▸ **YOUR OBJECTIVE**:
As the answer, give exactly the lines of the records below from the one with "Thumbnail 1. Kawasaki H2 Hybrid" through the one with "Piscine couverte, 2", ends included and pictures left out.

▸ **INPUT MATERIAL**:

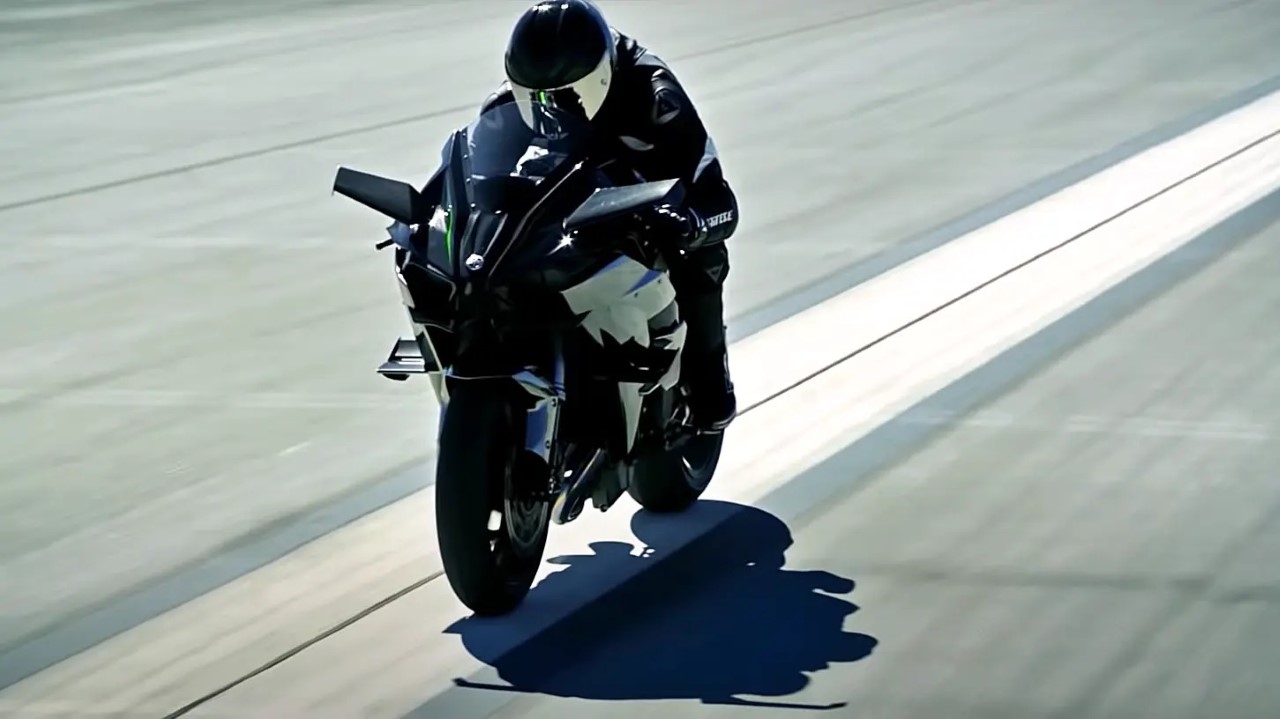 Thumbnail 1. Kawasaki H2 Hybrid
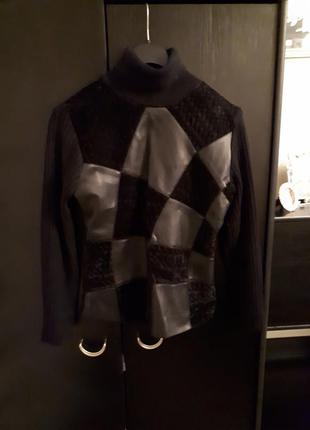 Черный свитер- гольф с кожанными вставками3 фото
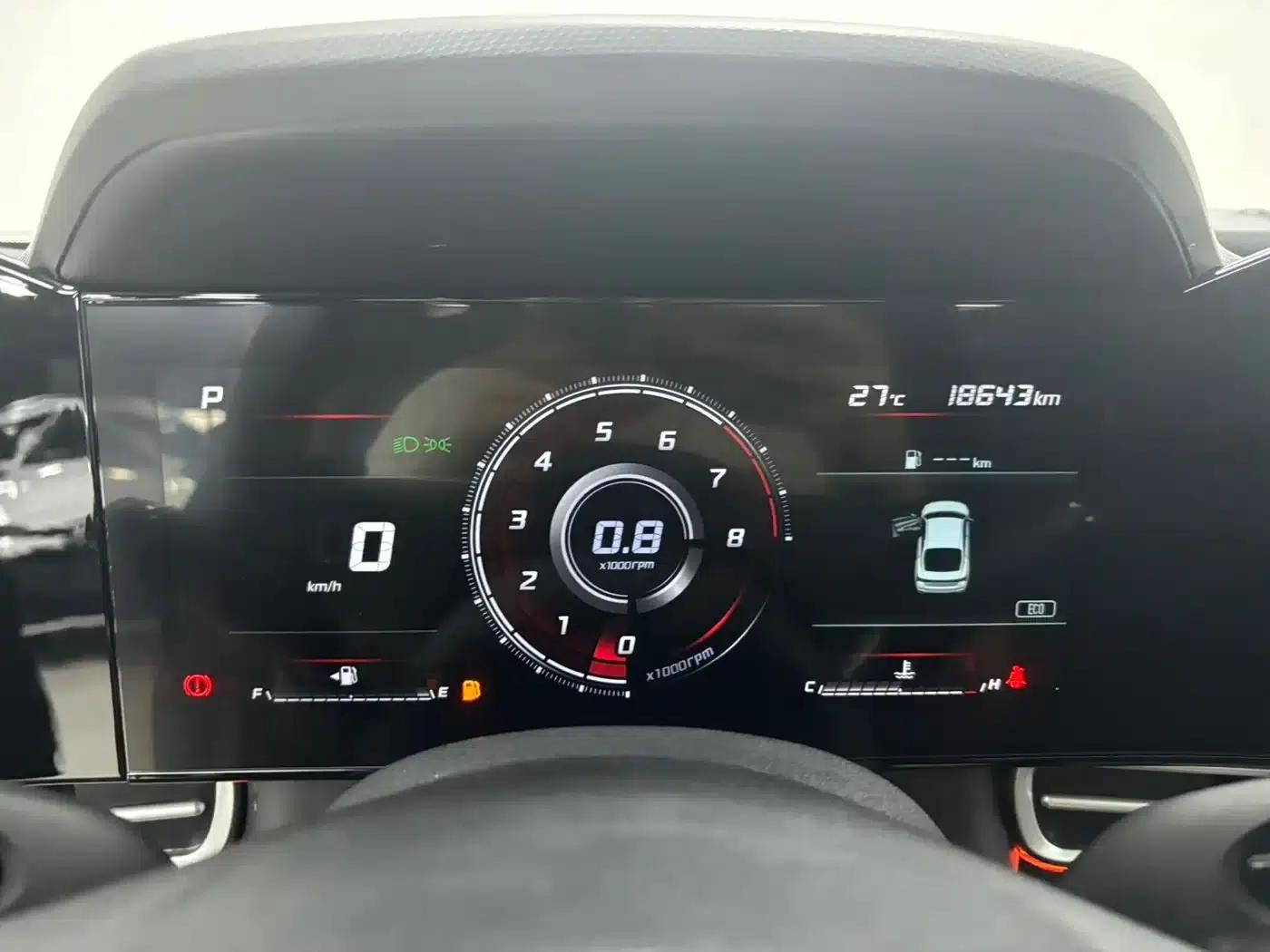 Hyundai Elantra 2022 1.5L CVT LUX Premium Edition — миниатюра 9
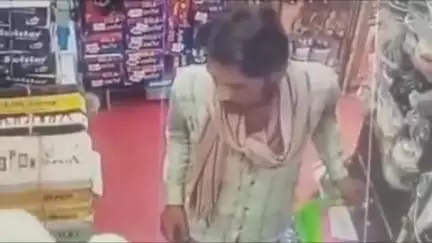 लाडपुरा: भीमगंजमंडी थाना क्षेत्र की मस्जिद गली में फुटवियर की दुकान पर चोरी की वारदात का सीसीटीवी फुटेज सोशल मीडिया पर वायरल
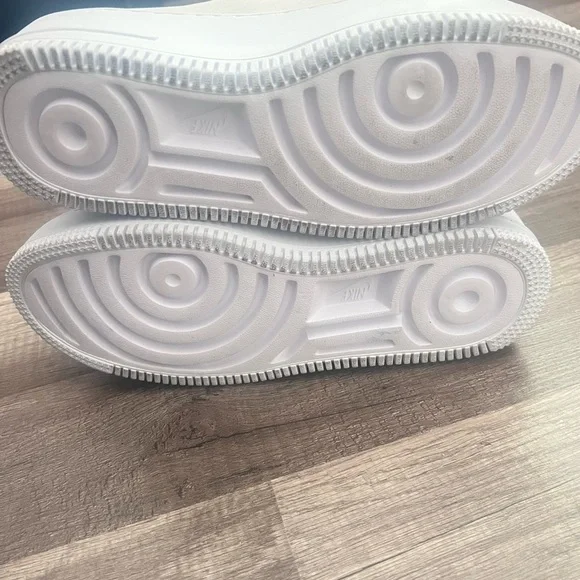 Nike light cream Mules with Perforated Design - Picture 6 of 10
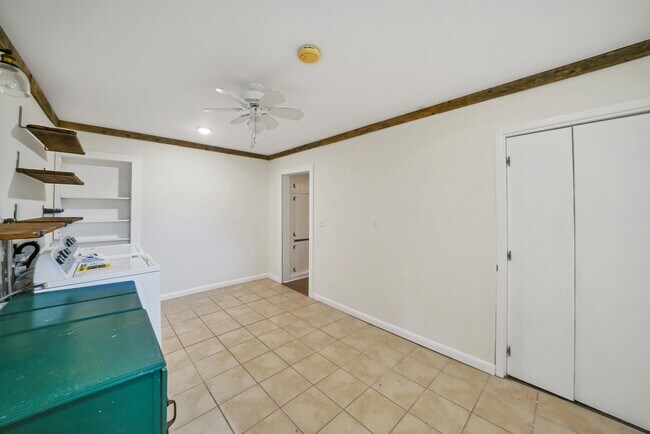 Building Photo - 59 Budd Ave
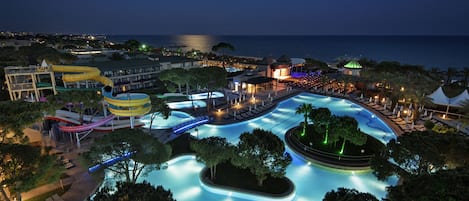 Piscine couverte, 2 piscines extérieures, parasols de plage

...

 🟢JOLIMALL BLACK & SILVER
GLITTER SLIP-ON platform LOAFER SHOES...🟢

▸ **RESPONSE TO THIS EXERCISE**:
 Thumbnail 1. Kawasaki H2 Hybrid
 Черный свитер- гольф с кожанными вставками3 фото
 Hyundai Elantra 2022 1.5L CVT LUX Premium Edition — миниатюра 9
 लाडपुरा: भीमगंजमंडी थाना क्षेत्र की मस्जिद गली में फुटवियर की दुकान पर चोरी की वारदात का सीसीटीवी फुटेज सोशल मीडिया पर वायरल
 Nike light cream Mules with Perforated Design - Picture 6 of 10
 Building Photo - 59 Budd Ave
 Piscine couverte, 2 piscines extérieures, parasols de plage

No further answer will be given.